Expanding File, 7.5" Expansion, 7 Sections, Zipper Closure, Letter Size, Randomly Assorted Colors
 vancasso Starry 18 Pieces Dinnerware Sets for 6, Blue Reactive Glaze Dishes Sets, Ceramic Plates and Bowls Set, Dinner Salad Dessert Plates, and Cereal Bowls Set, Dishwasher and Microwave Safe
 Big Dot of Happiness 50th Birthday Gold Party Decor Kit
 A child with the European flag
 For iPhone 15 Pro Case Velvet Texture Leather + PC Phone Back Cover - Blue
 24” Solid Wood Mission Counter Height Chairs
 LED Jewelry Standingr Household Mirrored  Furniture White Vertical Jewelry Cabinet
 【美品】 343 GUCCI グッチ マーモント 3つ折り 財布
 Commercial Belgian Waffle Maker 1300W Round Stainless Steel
··········
The problem → Write out each line above containing "Blue".

Response to the exercise →
 vancasso Starry 18 Pieces Dinnerware Sets for 6, Blue Reactive Glaze Dishes Sets, Ceramic Plates and Bowls Set, Dinner Salad Dessert Plates, and Cereal Bowls Set, Dishwasher and Microwave Safe
 For iPhone 15 Pro Case Velvet Texture Leather + PC Phone Back Cover - Blue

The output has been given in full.